The transgenic plants of Arabidopsis Col‐0 used here carried the gene encoding for the fluorescent protein mTurquoise2 (Goedhart et al., 2012), under the control of the inducible promoter pOP. This promoter relies upon the binding of the chimeric transcription factor LhG4. The interaction between LhG4 and the glucocorticoid DEX will cause the relocation of LhG4 to the nucleus, where it is able to bind pOP and activate it (Craft et al., 2005). The cell type‐specificity aspect of this system comes from the expression of LhG4, which is controlled by a cell type‐specific promoter (Figure 1A) (Schürholz et al., 2018). This multilayered system has enabled us to work with 11 different Arabidopsis transgenic lines, each harboring a different cell type‐specific promoter. To collect only the targeted cell types, the transgenic plants were grown on DEX‐containing medium (Figure 1B) and then used for protoplast extraction followed by sorting via FACS (Figure 1B).
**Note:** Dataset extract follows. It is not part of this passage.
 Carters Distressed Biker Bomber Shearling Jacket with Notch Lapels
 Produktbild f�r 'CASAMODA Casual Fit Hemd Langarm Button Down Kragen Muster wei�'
To prevent protoplast dedifferentiation, we acted in a timely fashion while still making sure that enough material was collected to proceed to FACS. The cell types subjected to Illumina sequencing are spread across the roots and aerial parts of the plants (Figure 1A, Table 1).

FIGURE 1.

FIGURE 1

Open in a new tab

Cell type identity is conserved upon cell sorting. (A) Schematic representation of the cell types selected for this study. Green zone represents cell types found in aerial plant parts. Brown zone represents cell types in roots. Root cells are depicted either in the full root or in cross section. (B) Experimental workflow used to collect 11 different cell types of Arabidopsis thaliana for AS analysis. Plants are grown on a dexamethasone (DEX)‐containing medium and used for protoplast extraction. Protoplasts are then sorted through fluorescence‐activated cell sorting (FACS). To select only targeted cell types expressing mTurquoise2, protoplasts from plants grown on medium without DEX and therefore not producing mTurquoise2, are used as controls. The gating strategy to sort mTurquoise2‐positive cells shown here is of pSMLX5. Following FACS, sorted protoplast are proceeded to RNA extraction, library preparation and sequencing. The principal component analysis (PCA) done on (C) cRPKM of genes and (D) percentage spliced‐in values (PSIs) of splicing events that passed the quality filters described in Section 2.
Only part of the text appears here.